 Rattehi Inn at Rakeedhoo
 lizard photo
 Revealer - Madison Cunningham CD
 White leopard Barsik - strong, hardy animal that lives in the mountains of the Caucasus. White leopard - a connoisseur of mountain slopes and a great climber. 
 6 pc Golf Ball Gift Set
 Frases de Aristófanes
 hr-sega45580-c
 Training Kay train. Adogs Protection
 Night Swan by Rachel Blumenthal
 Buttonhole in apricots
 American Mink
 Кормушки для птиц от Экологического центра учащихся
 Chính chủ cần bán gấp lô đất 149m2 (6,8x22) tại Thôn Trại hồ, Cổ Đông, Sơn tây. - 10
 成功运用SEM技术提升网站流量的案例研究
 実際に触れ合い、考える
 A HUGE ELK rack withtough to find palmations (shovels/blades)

========================================

**HOW TO COMPLETE THIS TASK:** Return the lines from the one containing "hr-sega45580-c" through the last line of the records. Include both ends and nothing else.

**TASK RESPONSE:**
 hr-sega45580-c
 Training Kay train. Adogs Protection
 Night Swan by Rachel Blumenthal
 Buttonhole in apricots
 American Mink
 Кормушки для птиц от Экологического центра учащихся
 Chính chủ cần bán gấp lô đất 149m2 (6,8x22) tại Thôn Trại hồ, Cổ Đông, Sơn tây. - 10
 成功运用SEM技术提升网站流量的案例研究
 実際に触れ合い、考える
 A HUGE ELK rack withtough to find palmations (shovels/blades)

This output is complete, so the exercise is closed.